- Problem details
Line by line, repeat the material below exactly and skip the images.
= = =
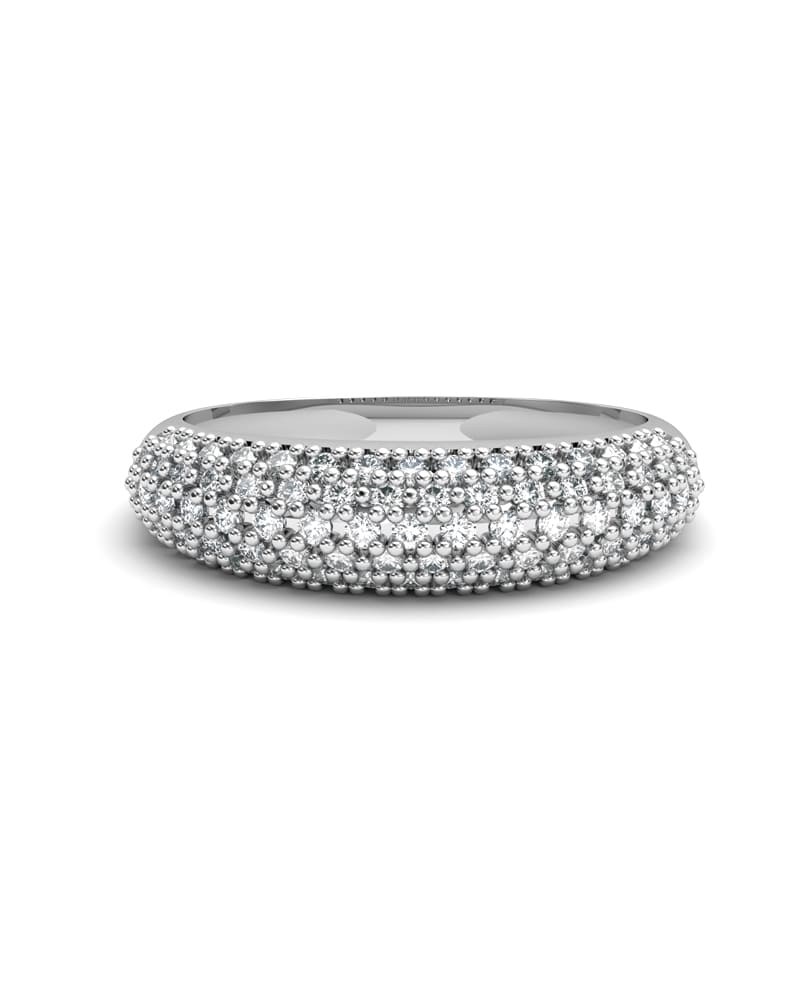 ANILLO ORO PAVE DIAMANTE 0,50 CT - CRESBER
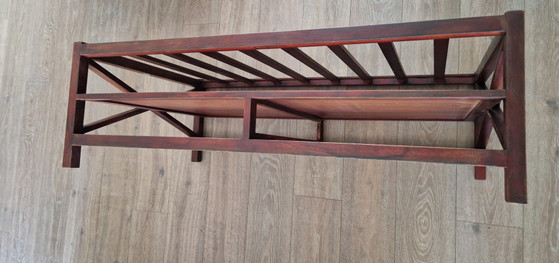 Salontafel Raffles Stijl, Antiek Look, Izgs. Met Glasplaat En 2 Lades – Wood (photo 10 of 13)
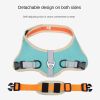 Dog Harnesses and dog leash set; Suede Pet Chest Strap Saddle Vest Style Dog Chest Back Reflective Dog Strap Dog Rope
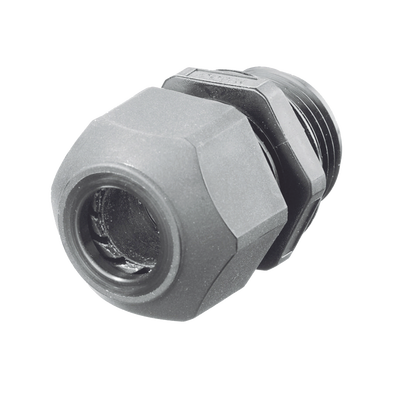 Conector de Cable, Estilo Europeo, para Conductores de 0.17" a 0.45", para Conduit 1/2",  Color Gris.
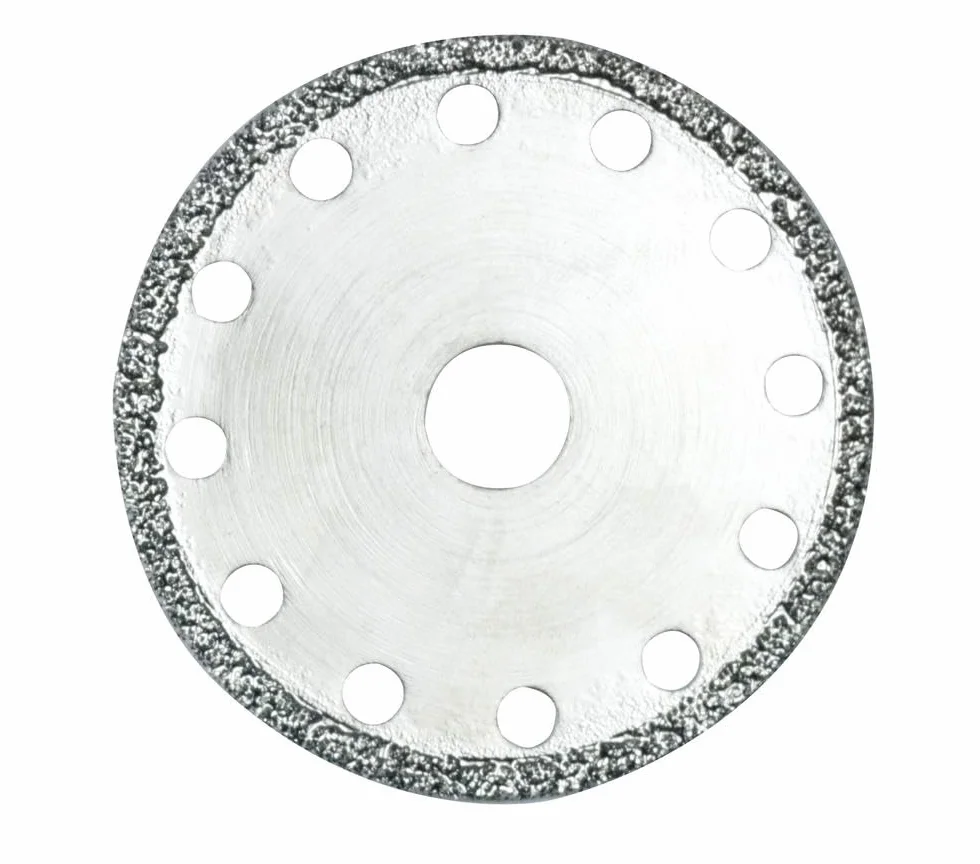 PROXXON 28558 28558-Mola diamantata, Diametro 50 mm, Foro 10 mm, per Vetro, Porcellana, Piastrelle, per smerigliatrice angolare LHW/A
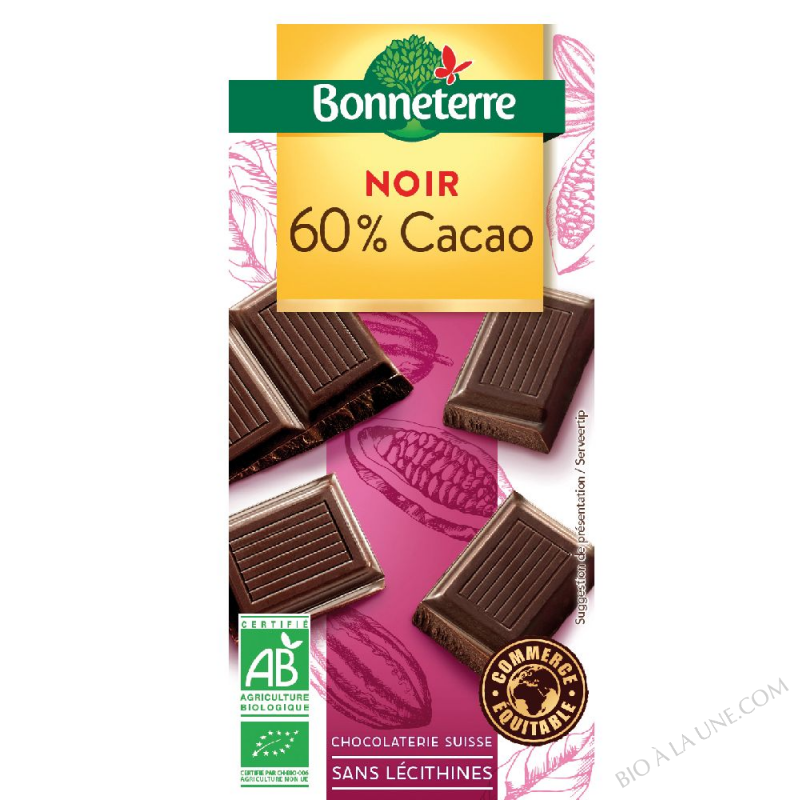 Chocolat Noir 60% Cacao 100g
= = =
- Written solution
 ANILLO ORO PAVE DIAMANTE 0,50 CT - CRESBER
 Salontafel Raffles Stijl, Antiek Look, Izgs. Met Glasplaat En 2 Lades – Wood (photo 10 of 13)
 Dog Harnesses and dog leash set; Suede Pet Chest Strap Saddle Vest Style Dog Chest Back Reflective Dog Strap Dog Rope
 Conector de Cable, Estilo Europeo, para Conductores de 0.17" a 0.45", para Conduit 1/2",  Color Gris.
 PROXXON 28558 28558-Mola diamantata, Diametro 50 mm, Foro 10 mm, per Vetro, Porcellana, Piastrelle, per smerigliatrice angolare LHW/A
 Chocolat Noir 60% Cacao 100g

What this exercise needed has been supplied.